[Start of section]
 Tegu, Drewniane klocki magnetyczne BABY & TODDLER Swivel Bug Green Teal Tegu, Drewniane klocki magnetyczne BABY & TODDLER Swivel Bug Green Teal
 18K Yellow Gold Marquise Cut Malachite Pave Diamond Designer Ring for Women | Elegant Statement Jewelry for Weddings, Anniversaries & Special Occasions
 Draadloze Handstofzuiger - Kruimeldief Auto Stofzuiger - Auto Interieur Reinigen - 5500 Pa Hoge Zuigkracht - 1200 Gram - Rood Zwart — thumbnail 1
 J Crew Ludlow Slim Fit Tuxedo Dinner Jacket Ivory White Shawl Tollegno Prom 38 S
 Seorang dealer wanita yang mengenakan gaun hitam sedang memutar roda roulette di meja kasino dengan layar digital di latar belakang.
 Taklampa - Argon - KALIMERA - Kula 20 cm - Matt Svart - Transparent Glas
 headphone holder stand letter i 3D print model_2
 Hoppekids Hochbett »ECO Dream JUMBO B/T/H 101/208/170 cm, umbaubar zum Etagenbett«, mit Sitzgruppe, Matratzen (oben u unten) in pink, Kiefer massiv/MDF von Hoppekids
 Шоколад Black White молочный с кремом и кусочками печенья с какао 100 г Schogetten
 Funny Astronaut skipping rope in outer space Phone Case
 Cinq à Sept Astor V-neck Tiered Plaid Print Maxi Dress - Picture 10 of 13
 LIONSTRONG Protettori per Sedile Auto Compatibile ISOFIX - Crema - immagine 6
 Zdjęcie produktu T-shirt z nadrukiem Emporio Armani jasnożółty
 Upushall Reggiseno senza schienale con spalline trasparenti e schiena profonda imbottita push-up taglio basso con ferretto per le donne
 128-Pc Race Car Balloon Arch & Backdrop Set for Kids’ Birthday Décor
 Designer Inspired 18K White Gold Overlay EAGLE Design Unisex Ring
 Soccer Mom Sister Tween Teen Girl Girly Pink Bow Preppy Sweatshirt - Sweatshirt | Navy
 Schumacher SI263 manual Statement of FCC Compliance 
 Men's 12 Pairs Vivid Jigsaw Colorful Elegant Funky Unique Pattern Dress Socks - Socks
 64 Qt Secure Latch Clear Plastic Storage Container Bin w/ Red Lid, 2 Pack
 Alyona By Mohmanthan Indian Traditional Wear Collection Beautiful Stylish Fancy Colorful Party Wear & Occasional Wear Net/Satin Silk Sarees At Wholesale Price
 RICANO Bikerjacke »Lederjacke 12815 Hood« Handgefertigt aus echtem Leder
[End of section]
PROBLEM:
Reprint exactly the lines above that start at the one with "Funny Astronaut skipping" and end at the one with "Zdjęcie produktu T-shirt", keeping both and adding none.

ANSWER TO THIS TASK:
 Funny Astronaut skipping rope in outer space Phone Case
 Cinq à Sept Astor V-neck Tiered Plaid Print Maxi Dress - Picture 10 of 13
 LIONSTRONG Protettori per Sedile Auto Compatibile ISOFIX - Crema - immagine 6
 Zdjęcie produktu T-shirt z nadrukiem Emporio Armani jasnożółty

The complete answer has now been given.